Ouch. Although the Cessna 162 wasn’t exactly inspiring (I did fly a couple of hours in one, it did actually do what it said on the tin reasonably competently – but they were overpriced for what they were), it is sad to see brand new airframes go that way. They didn’t even remove the engines.

Last Edited by alioth at 16 Dec 15:56
Andreas IOM

After a year’s storage there is a mandatory return to Lyco for an overhaul, which probably renders the O-200 (?) not worth processing. Regardless of that, these may be heavily corroded after several years.

Very sad but it does show that you cannot enter a market with a new product unless it offers some sort of decisive advantage. That’s a general “business” comment; a more specific one might be that there are plenty of the existing ones for flying school requirements.

Administrator
Shoreham EGKA, United Kingdom

The Sky Catcher engine is a Continental O-200-D. All those engines (regardless of manufacturer) could been inspected and used for decades. People in the US regularly dig aircraft engines out of ditches (almost!) and rework/reuse them in the field. Very few engines aren’t worth saving, there is no such thing as a ‘mandatory’ return to the manufacturer (except in the manufacturer’s imagination) and these were brand new. The only issue with them is that they were an LSA non-certified variant. If they’ve been scrapped its a ridiculous shame.

Scrapping the airframes is to me less of a shame, nobody wanted a Chinese built LSA certified aircraft from Cessna, and virtually nobody will ever want one.

Last Edited by Silvaire at 16 Dec 18:12

Peter wrote:

Regardless of that, these may be heavily corroded after several years.

Or may not be. The Skycatchers were stored somewhere a great deal dryer than north western Europe.

Andreas IOM

I agree, but the mandatory overhaul (not a mandatory return to the mfg, sorry) requirement is still very expensive. Also, they would have to weigh up the (presumably) heavily discounted price they paid for them (given the projected “telephone numbers” of sales) against the (presumably not so heavily discounted) overhaul cost… Socata got caught with this in the early 2000s and installed a load of corroded engines in TB GTs. They were “installed” just days before the 365 days elapsed

The other thing is liability. If they sold the engines, there would be some sort of liability unless they were overhauled and resold by a 3rd party.
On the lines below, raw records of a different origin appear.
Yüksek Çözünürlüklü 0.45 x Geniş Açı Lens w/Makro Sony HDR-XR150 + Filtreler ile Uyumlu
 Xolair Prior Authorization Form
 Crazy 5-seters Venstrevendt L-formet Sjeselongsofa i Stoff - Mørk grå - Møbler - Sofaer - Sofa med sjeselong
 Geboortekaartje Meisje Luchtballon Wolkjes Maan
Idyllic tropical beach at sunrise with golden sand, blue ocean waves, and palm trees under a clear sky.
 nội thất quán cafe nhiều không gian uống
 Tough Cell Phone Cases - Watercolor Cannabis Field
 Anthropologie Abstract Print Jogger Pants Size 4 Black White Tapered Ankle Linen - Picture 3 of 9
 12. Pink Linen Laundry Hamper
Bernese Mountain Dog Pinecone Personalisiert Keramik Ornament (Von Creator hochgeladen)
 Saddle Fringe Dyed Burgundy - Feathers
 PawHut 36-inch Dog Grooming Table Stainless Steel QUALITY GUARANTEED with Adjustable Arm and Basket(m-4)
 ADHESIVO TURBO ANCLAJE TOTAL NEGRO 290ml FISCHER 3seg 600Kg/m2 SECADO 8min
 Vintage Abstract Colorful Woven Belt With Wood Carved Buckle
Another possible factor is that if the engine was “less than certified” (and bought extra cheap) then to resell it into the certified market would mean an even bigger cost hill to climb.

Administrator
Shoreham EGKA, United Kingdom

That’s why selling them to the “experimental” market would have been the obvious choice, when looking from the sidelines. I guess they made too much money and needed to take a loss somewhere ;)

tmo
EPKP - Kraków, Poland

Sure, though how many Exp aircraft use the O-200? Also there is still a liability. I don’t think being an Exp owner renders your estate incapable of litigation.

So I think there is some subtle reason why Cessna didn’t just dump these into the market, via an independent engine shop. If even a single washer inside that doesn’t have the full certified paper trail would greatly reduce the value of the engine. I don’t suppose they will tell Avweb what it was, however…

Administrator
Shoreham EGKA, United Kingdom

Peter wrote:

how many Exp aircraft use the O-200?

There’s a huge market that would have sucked them up instantly: lots of Cub type aircraft, Formula 1 racers (for which the O-200 is mandated), Wittman Tailwind, Varieze, Zenairs, Quickie Q200, little antiquey types like the Parakeet and Pietenpol.

The liability issue is understandable, but even if they couldn’t sell them direct to the user I’m surprised they couldn’t sell them back to Continental who would then ‘launder’ the liability issue. It’s easier to make like new than build all new.

Last Edited by Silvaire at 16 Dec 18:09

scrapping the engines, if that is what they really did, would be a horrible waste of brand new material. especcially as they claim to have taken off all the available spare parts, the engine would be the biggest one I suppose.

of course, we don´t know what happened after the pics were taken. Maybe it was indeed disassembled right in the bin or this particular one had a good reason that the engine was not taken off.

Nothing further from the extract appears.